- Seal of Los Angeles
- Flag of Los Angeles
- Incumbent Joseph M. Nicchitta since May 19, 2026
- Style: CEO
- Type: Executive
- Residence: None Official
- Appointer: Board of Supervisors
- Term length: None
- Website: https://bos.lacounty.gov/

= Los Angeles County Chief Executive Office =

Executive of Los Angeles County, California

The Los Angeles County Chief Executive Office (LAC CEO), known as the Los Angeles County Chief Administrative Office (LAC CAO) from 1938 to 2007, manages the day-to-day operations of Los Angeles County, California and coordinates implementation with the Board of Supervisors.

== History ==

=== CEO from 2007-2015 ===
The chief executive officer (CEO) supervised 31 out of the 39 departments of the county, and worked closely with the remaining eight (which include the District Attorney, Fire Department and Sheriff's Department, among others). The CEO monitored departmental spending and makes annual recommendations on departmental budgets as well as ensuring that the policies and priorities of the Board are adhered to in its various departments. The CEO oversaw five deputy chief executive officers and two assistant chief executive officers.

Critics of this structure complained about the added layer of bureaucracy with the CEO's office and the creation of deputy chief executive officers who were responsible for coordinating activities within their "cluster" (group of related departments) but were not perceived to add any value. In 2015, the Board voted to revert to the structure prior to 2007.

=== CAO from 1938-2007 and CEO from 2015-present ===
Prior to centralization (similar to a council-manager government prevalent in most of the cities in Los Angeles County) and after reversion to the previous structure, the CEO (CAO prior to 2007) provides Countywide coordination and strategic guidance. Departments report directly to the Board of Supervisors and their deputies and are hired and fired directly by the Board, with the CEO providing administrative support in negotiating department head salaries and facilitating communications between departments when necessary.
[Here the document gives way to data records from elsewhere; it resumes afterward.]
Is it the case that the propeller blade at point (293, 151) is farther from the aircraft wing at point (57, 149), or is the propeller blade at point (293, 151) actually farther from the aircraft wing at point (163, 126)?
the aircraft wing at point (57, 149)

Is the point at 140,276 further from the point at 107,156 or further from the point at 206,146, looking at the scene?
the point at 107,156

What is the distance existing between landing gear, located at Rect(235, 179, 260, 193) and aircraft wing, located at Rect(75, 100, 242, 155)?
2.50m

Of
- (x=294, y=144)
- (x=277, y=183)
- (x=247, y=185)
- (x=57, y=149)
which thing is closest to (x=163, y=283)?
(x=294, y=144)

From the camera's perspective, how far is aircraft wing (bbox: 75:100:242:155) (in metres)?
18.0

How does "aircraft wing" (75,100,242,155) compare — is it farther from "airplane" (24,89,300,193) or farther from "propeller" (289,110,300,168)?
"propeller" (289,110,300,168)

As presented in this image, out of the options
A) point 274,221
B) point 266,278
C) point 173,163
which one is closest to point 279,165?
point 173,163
Other tasks specifically given to the CEO include preparation and control of the annual budget in consultation with departments, providing leadership and direction for Board-sponsored initiatives and priorities, analysis and advocacy of state and federal legislation; coordinating Countywide strategic communications and cross-departmental public information (including the main County website), and managing capital projects and debt, asset, leasing and space management. The CEO's office also administers the risk management and insurance programs, and facilitates departments addressing unincorporated area issues and international protocol issues, manages the county's employee relations program and compensation/classification systems, represents the Board in labor negotiations, and monitors cable television companies operating in unincorporated areas. The Chief Information Officer, Homeless Initiative (which manages Measure H, the voter-approved homeless tax), child care, and Office of Emergency Management are also located in the CEO's office.

=== Measure G ===
On November 12, 2024, Los Angeles County voters passed Measure G, which amends the Los Angeles County Charter to create an elected County Executive, which will replace County Chair and CEO in 2028 when the office of County Executive is created.

==Chief Administrative/Executive Officer==

| # | Name | Took office | Left office |
Chief Administrative Officer
| 1 | General Wayne Allen | September 9, 1938 | December 1951 |
| 2 | Arthur J. Will | December 11, 1951 | December 1, 1957 |
| 3 | Lin S. Hollinger | January. 14, 1958 | December 11, 1970 |
| 4 | Arthur G. Will | December 12, 1970 | September 3, 1974 |
| 5 | Harry L. Hufford | September 4, 1974 | December 7, 1985 |
| 6 | James C. Hankla | February 14, 1985 | February 27, 1987 |
| 7 | Harry L. Hufford (Interim) | February 3, 1993 | October 17, 1993 |
| 8 | Sally R. Reed | October 18, 1993 | June 1, 1996 |
| 9 | Sandra M. Davis (Interim) | June 2, 1996 | August 24, 1996 |
| 10 | David E. Janssen | August 25, 1996 | July 19, 2007 |
Chief Executive Officer
| 11 | William T Fujioka | July 20, 2007 | November 30, 2014 |
| 12 | Sachi A. Hamai | December 2, 2014 | August 31, 2020 |
| 13 | Fesia Davenport* | September 1, 2020 | April 16, 2026 |
| 14 | Joseph M. Nicchitta | May 16, 2026 | present |

https://ceo.lacounty.gov/list-of-officers/

- Davenport went on leave October 8th, 2025, and did not return. The CEO position was served by Joseph M. Nicchitta, the COO at the time.